A motion has been filed to accept a settlement in a lawsuit that alleged a teacher restrained a child with special needs to a chair during nap time.
Heather Duckworth said in court filings from Aug. 17, 2018, that her child is nonverbal and has Angelman syndrome, which causes developmental delays. Duckworth said on three separate occasions the child’s aunt and grandmother saw the child restrained to the chair while other children were allowed to move about freely, or lay on mats.
The teacher, Linda Lindsay, still was employed by BCPS in December as a teacher’s assistant, but was suspended with pay from her position as a teacher for nearly three months while the claims were investigated by BCPS. The school system said no evidence of misconduct or negligence were found.

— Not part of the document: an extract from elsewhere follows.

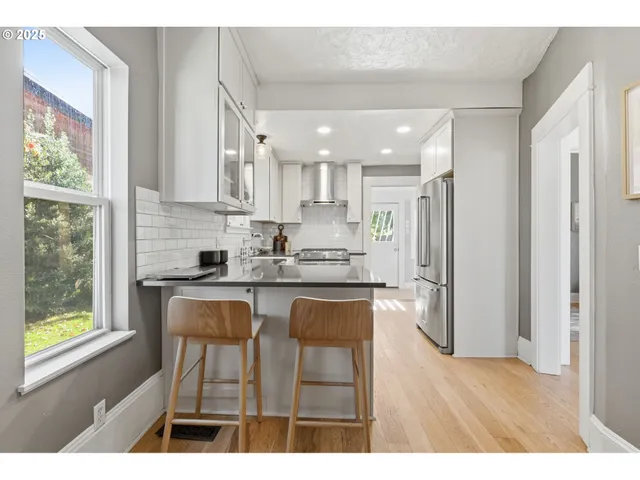 a kitchen with stainless steel appliances kitchen island granite countertop a table chairs sink and cabinets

In the settlement documents filed Tuesday at the Burke County Courthouse, attorneys for Duckworth and the school system have agreed to a settlement that would see Burke County Public Schools pay the Duckworth family $80,000, with $44,000 of it going to the child’s benefit and $36,000 going to Duckworth’s individual claims.
Among the $44,00 going to the child’s benefit, $14,666.66 will be supplied as attorneys’ fees, $7,636.72 will be used or half of the litigation expenses incurred and $3,000 will be paid to a company for administration of a special needs trust. The remaining $18,696.62 will be put into a special needs trust in the child’s name.

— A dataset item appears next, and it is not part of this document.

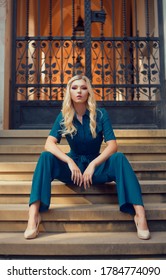 A Full-length Girl Sits On The Stairs In A Long Blue Overalls. The Girl Looks Into The Camera With A Daring Look. Blonde With Long Legs Poses.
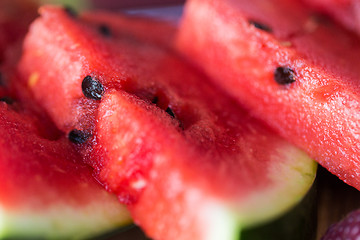 Image showing close up of watermelon slices on wooden table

Of the $36,000 to be paid for Duckworth’s individual claims, $12,000 will be disbursed as attorneys’ fees, $7,636.72 will be used to cover the remaining litigation expenses and the remaining $16,363.28 will be paid to Duckworth.
In the settlement documents, the school system still denies the claim that the child was improperly restrained, and disputes injuries the child allegedly suffered from its use of a “positional chair.”
“Defendants deny any and all liability in this matter, and the settlement in this matter is not to be construed as an admission of liability or an acquiescence to any claims or contentions of Plaintiffs by Defendants,” the documents said.
The settlement won’t be official unless the motion is accepted by the court at a hearing Feb. 25 at 9:30 a.m. in Courtoom 1 at the Burke County Courthouse, according to court documents.
At the set trial date for the lawsuit on Dec. 17, the judge presiding over the trial announced that the case had been settled, but school officials told The News Herald the documents were not yet finalized and they did not have copies of any settlement documents to provide.
When The News Herald spoke to some of the members of the Burke County Board of Education on Dec. 19, they said they weren’t sure what terms of the settlement would be.
A reporter called board members again Friday. Board Chair Buddy Armour said board members hadn’t received any documents regarding the settlement.
“We haven’t received anything yet, we’re having our board meeting, you know, we’re going to have our ethics training on Tuesday the 28th, but no ... I haven’t seen anything,” Armour said.
He said the board wouldn’t know anything until the settlement was finalized, but that he expected the board’s attorney will let them know when that happens.
More information will be published as it becomes available.